In late 2013, the National Highway Traffic Safety Administration (NHTSA) is expected to make a “recommendation” on the future of connected vehicle technologies, which could result in federal regulations imposing a timeline for automakers to install connected vehicle communications technology in vehicles. However, until such a decision takes place, the future of connected vehicle technology implementation rests largely on market forces and whether or not a significant “pull” emerges from consumers. During the next 10 years, there is anticipation that something will change from what we have today, and most likely it will begin with applications being developed that consumers perceive as beneficial either from a safety, information, convenience, or entertainment perspective. Those applications could come from automakers, mobile device providers, and/or third-party vendors. However, the rapid advancement of the “App” isn’t going to end with the current state-of-the-practice, which leads to deducing that additional applications will become available.

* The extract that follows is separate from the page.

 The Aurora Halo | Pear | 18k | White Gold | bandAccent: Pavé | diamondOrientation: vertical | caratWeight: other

While the uncertainty surrounding vehicle-to-vehicle communication and hand-held device communications continues to percolate, so too does uncertainty surrounding vehicle-to-infrastructure communication with no current regulatory or legislative demands on the horizon. Left to their own schedule, will road management agencies (state, county, municipal) perceive enough benefit to warrant the installation and operations/maintenance of road side communication devices compatible with in-vehicle communication devices? Will the roll-out confine itself to urban applications predominantly? Will the many questions surrounding data ownership, consumer privacy, and legal/liability be answered during the next 10 years?
For the purposes of this project, assume that during the next 10 years agencies will begin to see implementation of connected vehicle communications and applications, but not on a widespread or nationwide basis during the 10-year window.

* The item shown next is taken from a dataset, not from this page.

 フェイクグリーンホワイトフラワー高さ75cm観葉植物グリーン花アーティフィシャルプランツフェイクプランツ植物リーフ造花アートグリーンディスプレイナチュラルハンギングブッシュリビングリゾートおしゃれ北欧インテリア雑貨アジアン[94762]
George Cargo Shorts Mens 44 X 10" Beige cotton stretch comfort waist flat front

2.3.1 Key Development: Seamless integration between vehicle and personal Smartphone and other mobile communication devices
Although widespread adoption is expected to be at least 10 years in the future, implications to TMC operations from seamless integration between vehicle and personal communication devices include a change in operations dealing with the resulting new and expanded data sources. TMCs will need to incorporate capabilities that allow them to utilize new concepts for third-party traffic-related application development that relays information through in-vehicle displays or through in-vehicle or mobile device applications. As mobile communication devices shift mode to mode with the traveler, the amount of data collected and aggregated will lead to an increased focus on integrated multi-modal operations.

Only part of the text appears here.